63      S’agissant, notamment, des éléments permettant d’exclure l’existence d’un conflit d’intérêts, la requérante souligne qu’elle n’a pas participé à l’élaboration du cahier des charges ou des conditions relatives au projet d’appel d’offres EuropeAid/131367/C/SER/RS. De plus, elle précise ne pas avoir eu en sa possession davantage d’éléments que ceux qui ont été mis à la disposition de tous les soumissionnaires. Par conséquent, selon la requérante, le fait d’avoir participé à l’élaboration de certains documents dans le cadre d’une autre procédure d’appel d’offres, sans que cette élaboration ne soit intervenue dans la perspective du nouveau marché, ne saurait constituer en soi un motif suffisant pour conclure à l’existence d’une situation de conflit d’intérêts en ce qui la concerne. En outre, elle considère qu’il ressort de la jurisprudence de la Cour (arrêt du 3 mars 2005, Fabricom, C‑21/03 et C‑34/03, Rec, EU:C:2005:127) que l’expérience acquise au titre d’un marché antérieur ne saurait être de nature à fausser la concurrence, car dans ce cas la plupart des soumissionnaires devraient être exclus des nouvelles procédures d’appel d’offres pour ce motif.

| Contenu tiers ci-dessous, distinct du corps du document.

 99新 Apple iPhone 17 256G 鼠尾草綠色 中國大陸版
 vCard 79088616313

64      La Commission soutient que la lettre du 10 août 2012 reconnaissait expressément à la requérante la possibilité de clarifier sa situation avant que la décision contenue dans la lettre du 12 septembre 2012 ne soit adoptée. De plus, il ressortait de cette dernière lettre que le pouvoir adjudicataire aurait « dûment pris en compte les éléments que [la requérante a[vait] exposés dans [sa] lettre […] du 13 août [2012] » et se serait basée sur l’analyse des offres concrètes.

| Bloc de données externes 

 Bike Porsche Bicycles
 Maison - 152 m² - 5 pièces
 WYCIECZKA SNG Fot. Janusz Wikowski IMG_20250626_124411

65      S’agissant des éléments de preuve du conflit d’intérêts en cause, la Commission fait valoir que, ainsi qu’il ressort de la lettre du 12 septembre 2012, un certain nombre de documents rédigés par la requérante dans le cadre d’un précédent marché avaient été joints au cahier des charges du nouvel appel d’offres. Ces documents « serv[aient] de base à une part importante des activités faisant l’objet de l’appel d’offres en cours ». La Commission ne conteste pas, ainsi que le relève la requérante, que les documents ont été mis à la disposition de tous les candidats potentiels. Elle rétorque toutefois que la requérante a eu accès auxdits documents avant les autres soumissionnaires, bénéficiant ainsi d’un avantage concurrentiel, notamment lors de la recherche des experts qualifiés. Par ailleurs, sans prétendre que tel soit le cas en l’espèce, la Commission suggère que, en ayant participé à leur rédaction, la requérante aurait été en mesure de rédiger les documents en question de façon à se procurer un avantage concurrentiel pour le marché en cause.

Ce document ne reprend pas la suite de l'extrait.